• [Task instructions]:
Pictures do not belong in the copy. Return all of the entries exactly.

• [Records from a data collection]:
____________

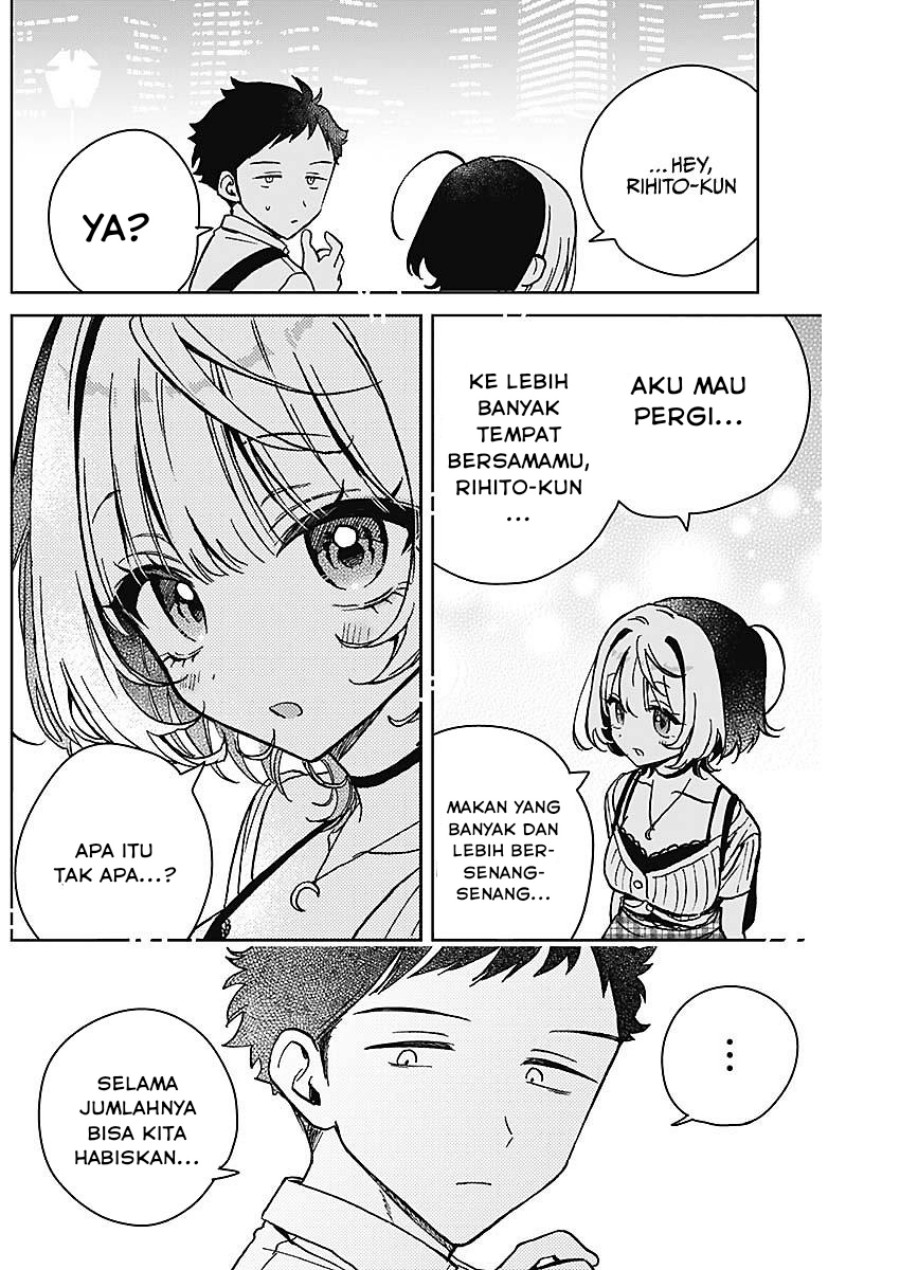 image-komik-noa-senpai-wa-tomodachi-chapter-20-15/18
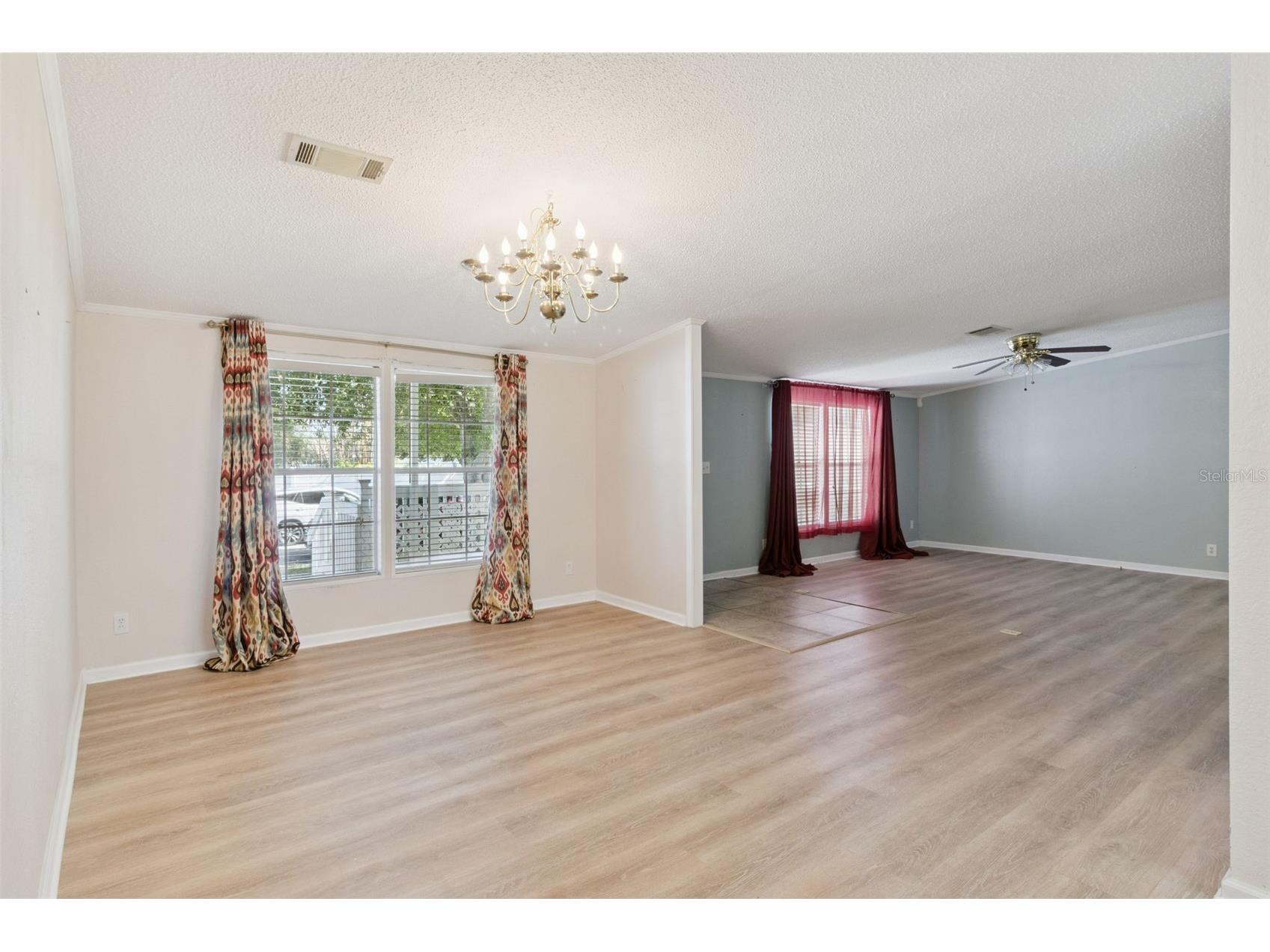 575 Lindsey Drive Lakeland FL 33809 OM723156 image21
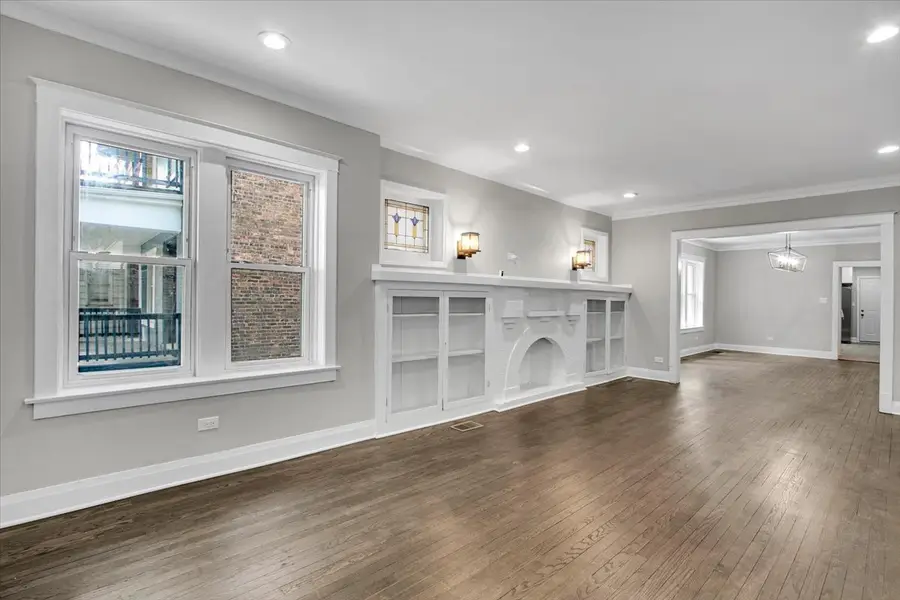 7440 S King Drive, Chicago, IL 60619 - #3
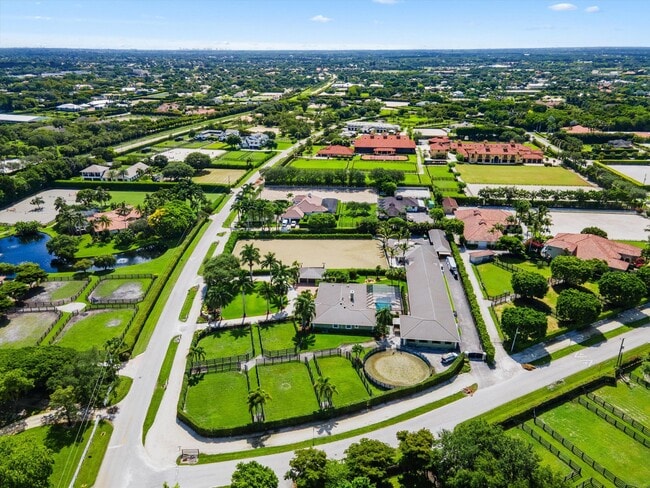 Building Photo - 14410 Equestrian Way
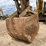 caterpillar-345bl-image-9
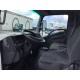 2013 ISUZU NRR FLATBED TRUCK 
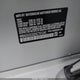 WBAGV2C02SCT51241 2025 BMW 840I Gran Coupe auction photo thumbnail 9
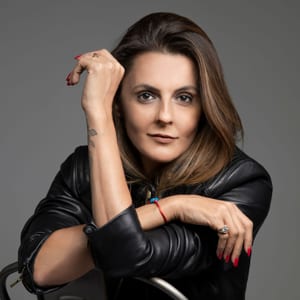 Evrim Kuran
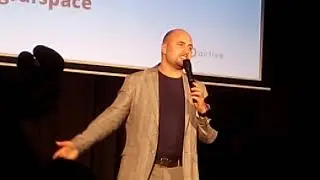 Конкурс Социальных Проектов025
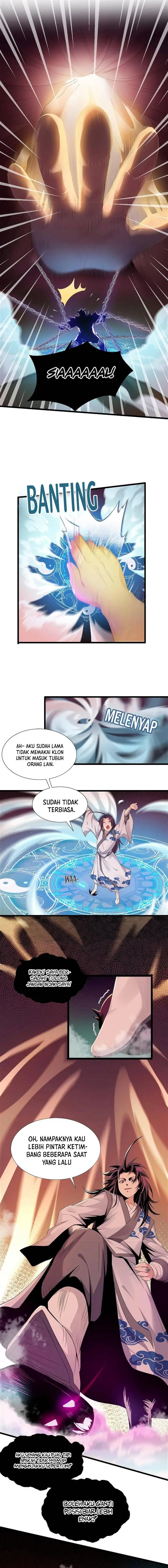 image-komik-i-just-had-to-pick-up-a-female-disciple-chapter-21-6/9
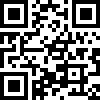 https://khabaronline.ir/x7Why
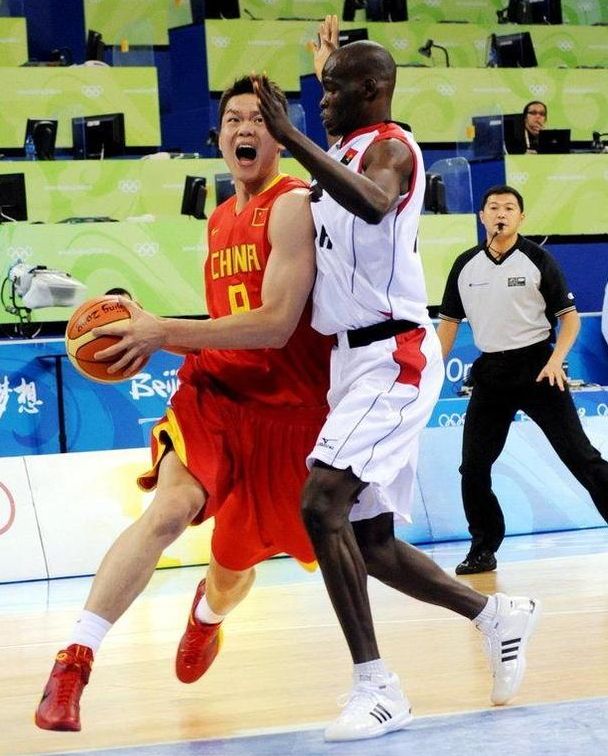 与连段手感 与连段手感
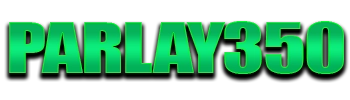 Logo Parlay350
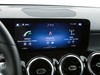 Mercedes GLB 200 d premium 4matic auto diesel nero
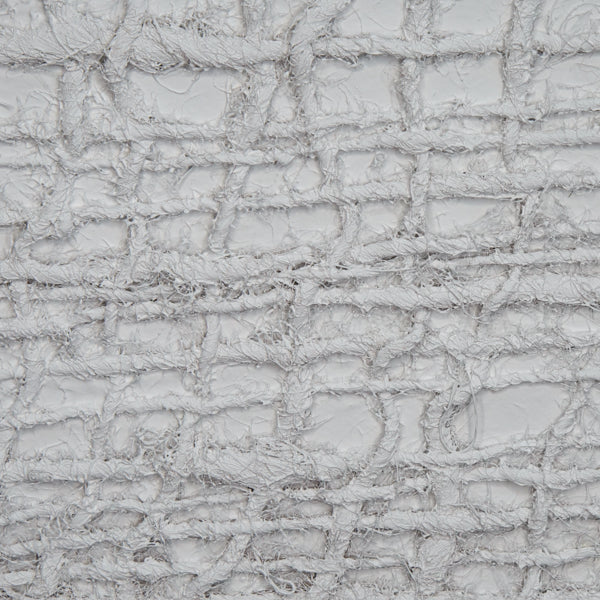 Erosion Alabaster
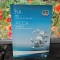 FIA FFA Financial Accounting, Practice &amp; Revision Kit, ACCA , Paper F3, 2014 122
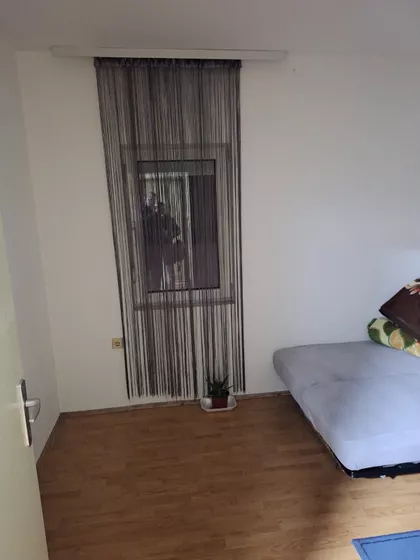 Gradske lokacije | 4zida.rs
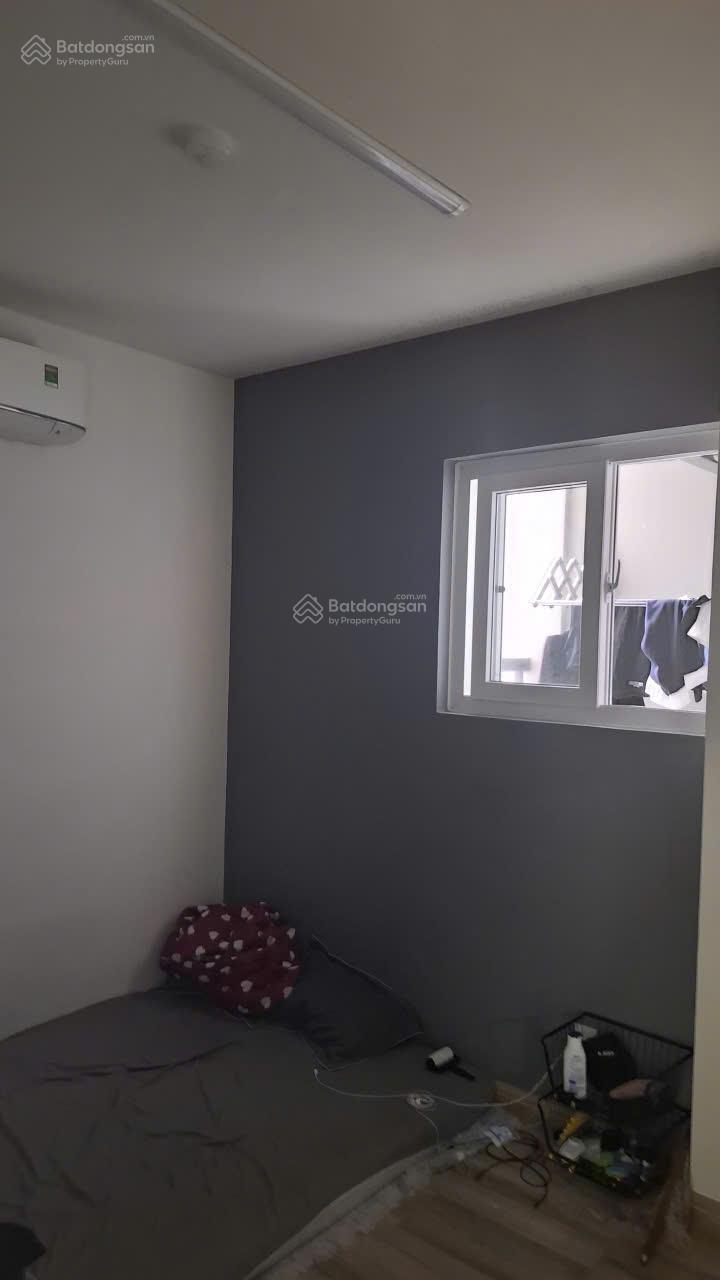 BÁN NHÀ TRUNG TÂM QUY NHƠN ,2 TẦNG MẶT TIỀN  CÁCH CHỢ ĐIỆN BIÊN PHỦ 20M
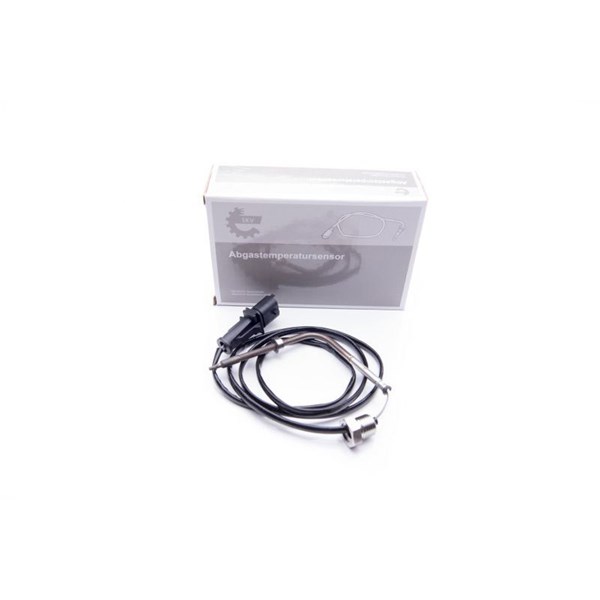 Sensor, avgastemperatur 12V Esen skv 30SKV022 ESEN SKV Sensor, avgastemperatur 12V Esen skv 30SKV022 ESEN SKV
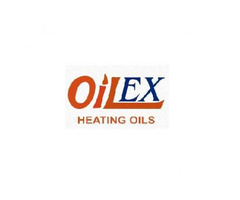 Boiler Service Contracts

____________

• [Result for this exercise]:
 image-komik-noa-senpai-wa-tomodachi-chapter-20-15/18
 575 Lindsey Drive Lakeland FL 33809 OM723156 image21
 7440 S King Drive, Chicago, IL 60619 - #3
 Building Photo - 14410 Equestrian Way
 caterpillar-345bl-image-9
 2013 ISUZU NRR FLATBED TRUCK 
 WBAGV2C02SCT51241 2025 BMW 840I Gran Coupe auction photo thumbnail 9
 Evrim Kuran
 Конкурс Социальных Проектов025
 image-komik-i-just-had-to-pick-up-a-female-disciple-chapter-21-6/9
 https://khabaronline.ir/x7Why
 与连段手感 与连段手感
 Logo Parlay350
 Mercedes GLB 200 d premium 4matic auto diesel nero
 Erosion Alabaster
 FIA FFA Financial Accounting, Practice &amp; Revision Kit, ACCA , Paper F3, 2014 122
 Gradske lokacije | 4zida.rs
 BÁN NHÀ TRUNG TÂM QUY NHƠN ,2 TẦNG MẶT TIỀN  CÁCH CHỢ ĐIỆN BIÊN PHỦ 20M
 Sensor, avgastemperatur 12V Esen skv 30SKV022 ESEN SKV Sensor, avgastemperatur 12V Esen skv 30SKV022 ESEN SKV
 Boiler Service Contracts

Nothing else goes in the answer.